▼

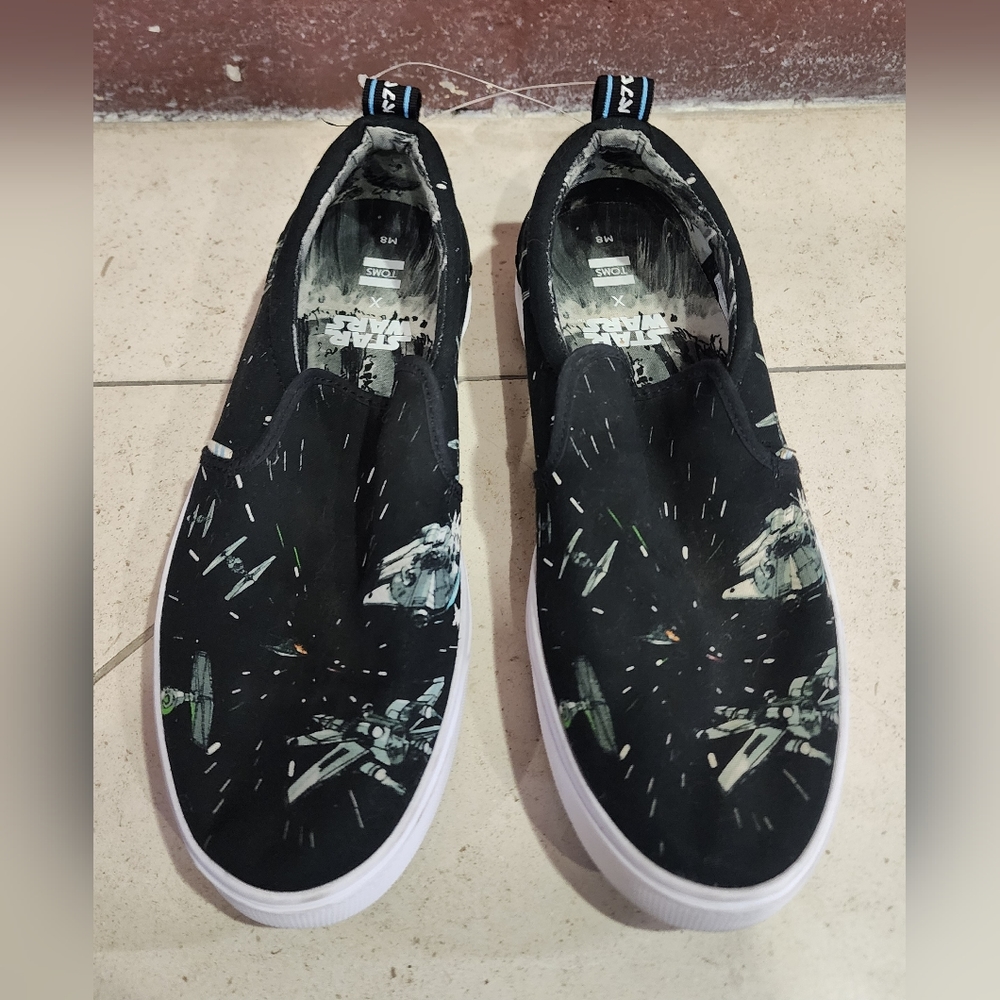 Toms Black Starfighter Canvas Slip-On Loafers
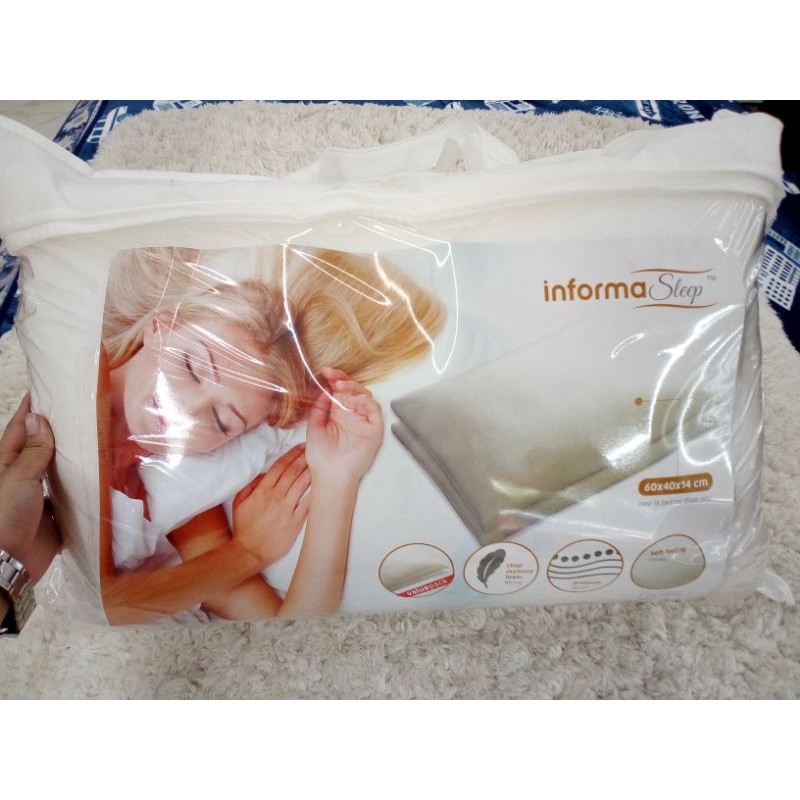 INFORMA Bantal memory foam dan campuran bulu angsa isi 2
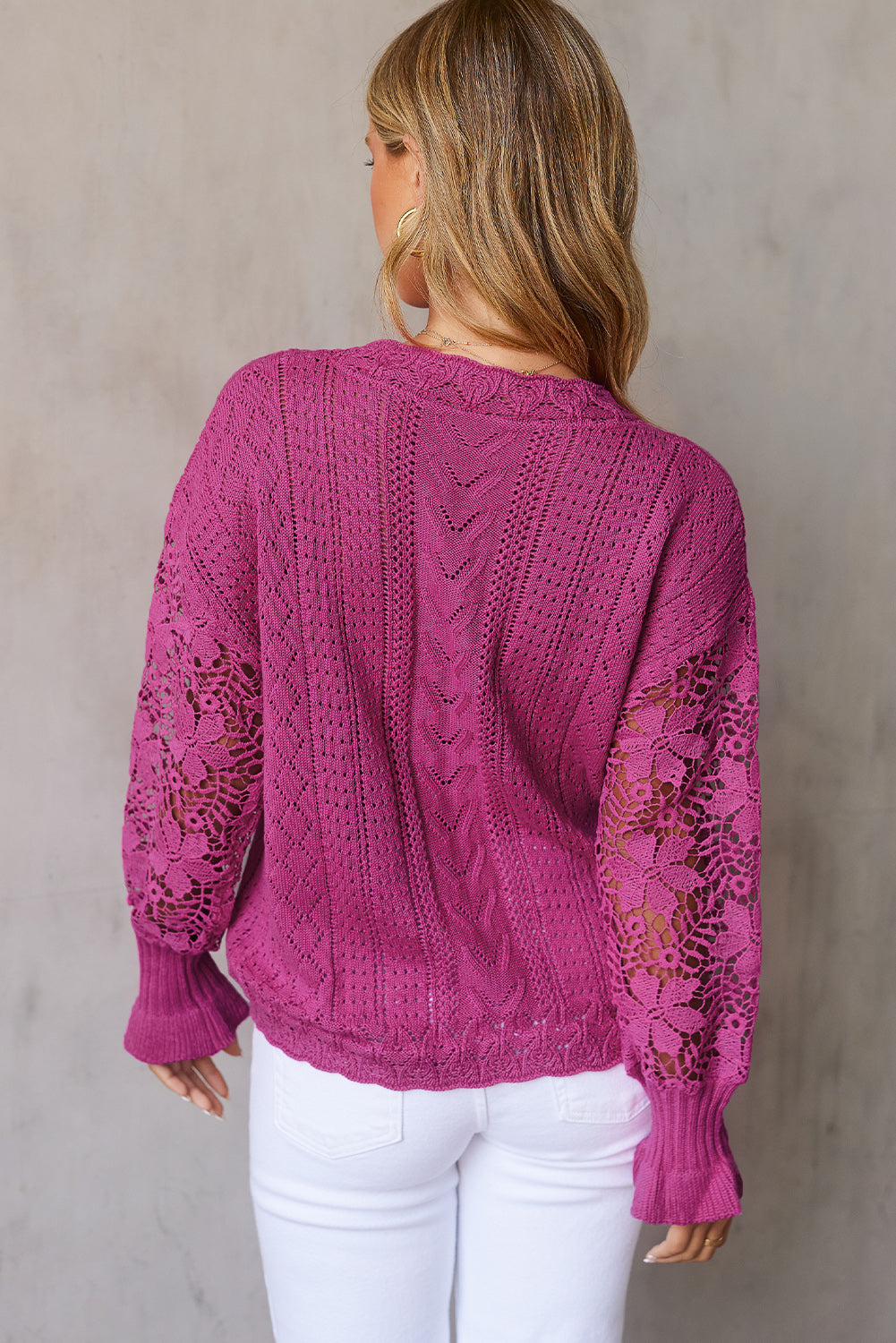 Openwork Lantern Sleeve Dropped Shoulder Sweater 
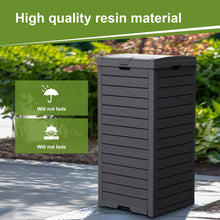 31-Gallon Outdoor Trash Can with Lid – Weather-Resistant Resin Garbage Bin, Slim Space-Saving Design, Pull-Out Leak Tray, Fast Assembly for Patio, Garden & Deck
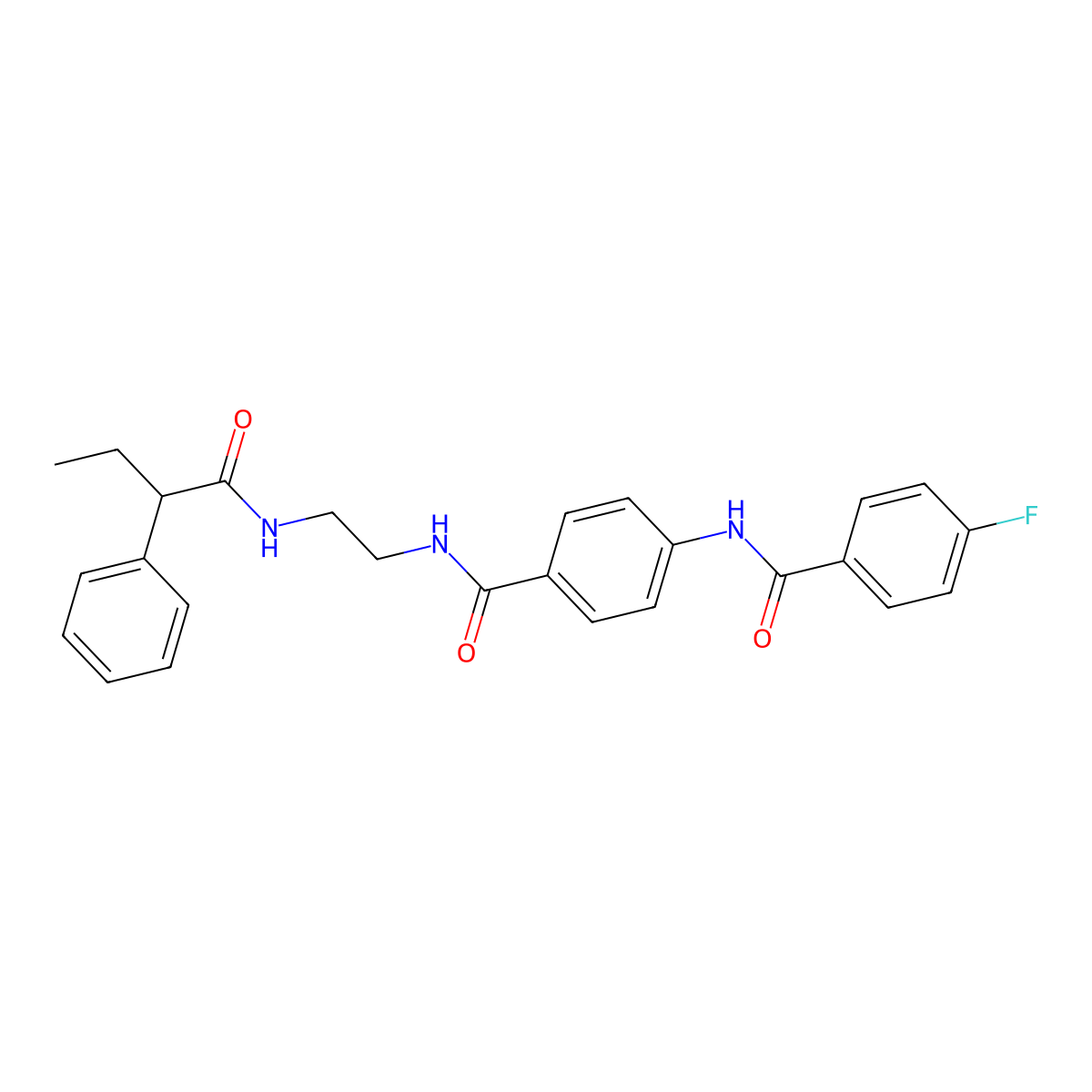 4-fluoro-N-(4-((2-(2-phenylbutanamido)ethyl)carbamoyl)phenyl)benzamide molecular structure, CAS 1021207-13-5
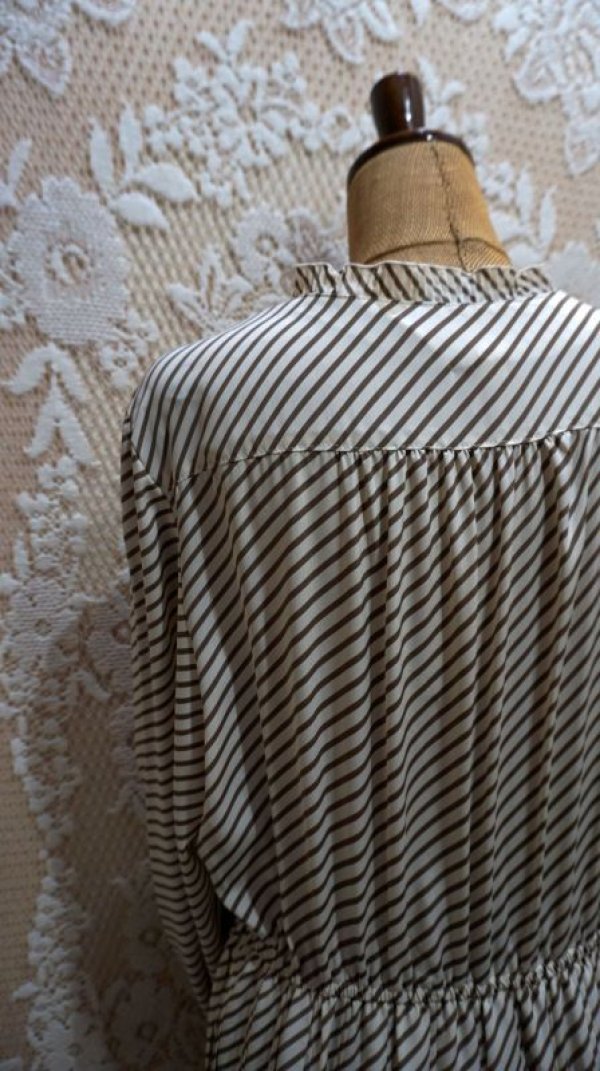 画像8: バイアス柄 長袖 レトロワンピース フリルカラー[55279]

▲

- **ACTIVITY**
Word for word, reproduce each line from the one with "structure, CAS 1021207-13-5" through the last line of the material above, both included, and drop the pictures.

- **OUTPUT OF THE TASK**
 4-fluoro-N-(4-((2-(2-phenylbutanamido)ethyl)carbamoyl)phenyl)benzamide molecular structure, CAS 1021207-13-5
 画像8: バイアス柄 長袖 レトロワンピース フリルカラー[55279]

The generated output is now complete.